Earlier this month, the Federal Energy Regulatory Commission (FERC) issued a Notice of Proposed Rulemaking aimed at removing barriers to the integration of wind and solar and other forms of alternative energies to the wholesale power grid. The 60 day comment period is in full swing and many in the wind industry are actively submitting comments.
According to a FERC release, the proposed rule would reform the Open Access Transmission Tariffs (OATT) and the Large Generator Interconnection Agreements filed by public utility transmission providers to require them to offer services that will allow for a more efficient integration of variable energy resources such as wind, solar and hydrokinetics into the grid system. This has been a challenging and ongoing issue for alt energies and the passage of the rule would signify the country’s commitment to renewable energy.
“Most of the new power plants for which developers are seeking access to the grid are variable resources such as wind and solar generators,” FERC Chairman Jon Wellinghoff said. “This proposal will help the Commission to cost-effectively integrate these and other variable generators into the grid in a way that helps maintain reliability and operational stability.”
According to Gregory K. Lawrence, with law firm McDermott Will & Emery and the head of the firm’s renewable business and his associate Mustafa Ostrander, the three proposed reforms address “discrete operational protocols” and should be viewed as “complementary parts of a package.” The reforms include:
- Intra-hourly Transmission Scheduling—FERC proposes requiring public utility transmission providers to give their customers the option of using more frequent transmission scheduling intervals (15-minute intervals) within each operating hour.
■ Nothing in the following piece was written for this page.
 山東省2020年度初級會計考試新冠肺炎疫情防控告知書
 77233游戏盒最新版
This would allow transmission schedules to reflect more accurately power production forecasts, load profiles and other changing system conditions, while also allowing the system’s variability to be managed more effectively.
- Power Production Forecasts—The proposed rulemaking also requires public utility transmission providers to amend their pro forma Large Generator Interconnection Agreement to incorporate provisions requiring interconnection customers with VER-generating facilities to provide to public utility transmission providers certain meteorological and operational data. FERC believes this requirement will result in greater situational awareness and efficiency within the unit commitment, dispatch and reliability assessment process.
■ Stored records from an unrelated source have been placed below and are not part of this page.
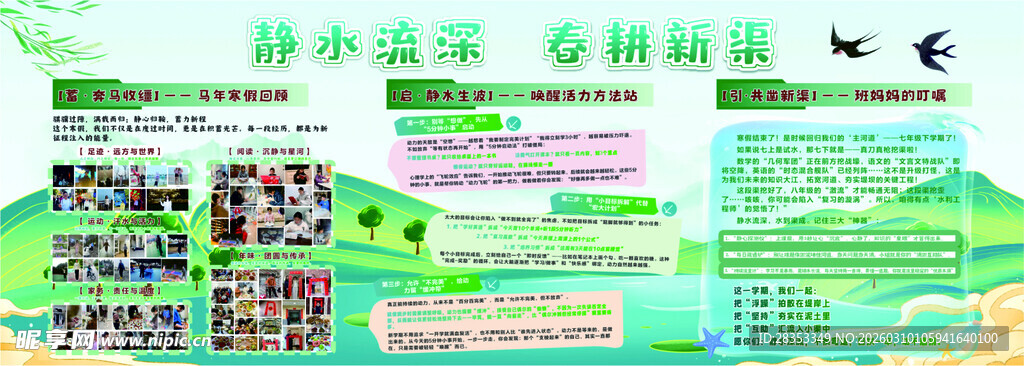 绿色春天主题班级海报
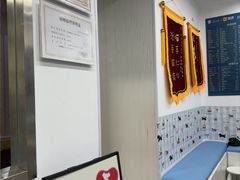 -守诺宠物医院·眼科· 神经外科·爬宠专科(虹口店)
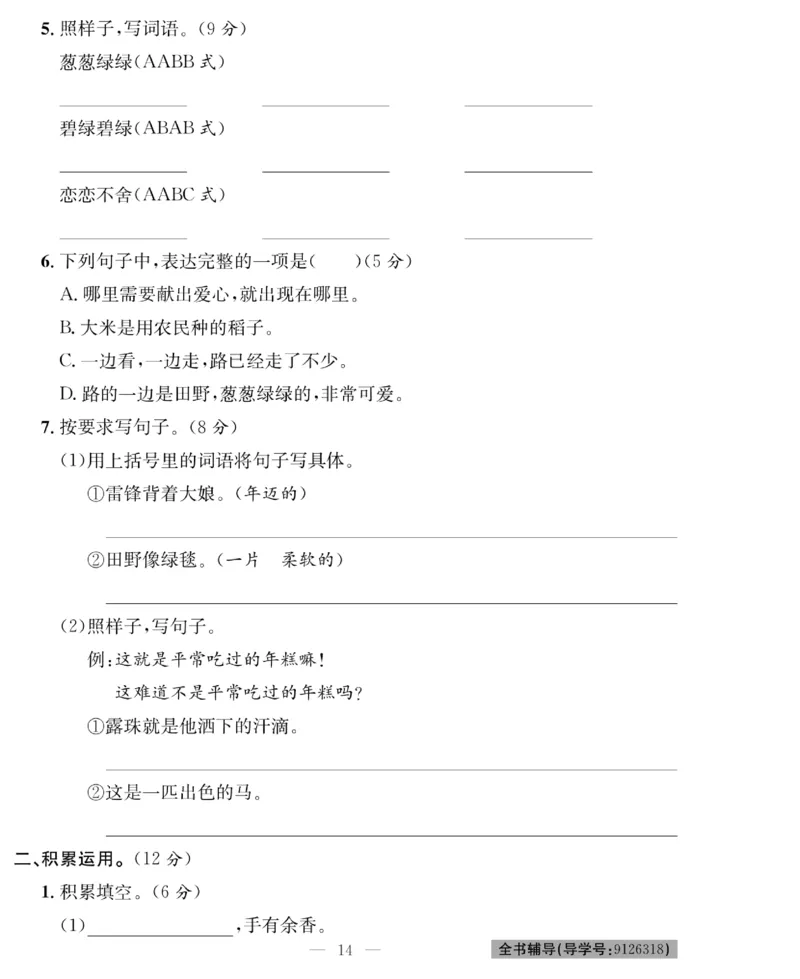 《绩优名卷》语文2年级下册（RJ）_二年级上下册资料_小学二年级学习资料-25年更新版_2-02、小学二年级语文下册_2-2-2、练习题、作业、试题、试卷_电子册类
- Generic Ancillary Service Rate Schedule—FERC also proposes adding a generic ancillary service rate schedule to the pro forma Open Access Transmission Tariff. Public utility transmission providers would be required to offer generator regulation service, to the extent physically feasible, to transmission customers using transmission service to deliver energy from a generator located within the transmission provider’s balancing authority area.
FERC’s goal with the proposed rules is to create a “reasonable foundation upon which public utility transmission providers will be well-positioned to manage system variability associated with increased numbers of VERs,” but acknowledges that these rules do not solve all the integration challenges.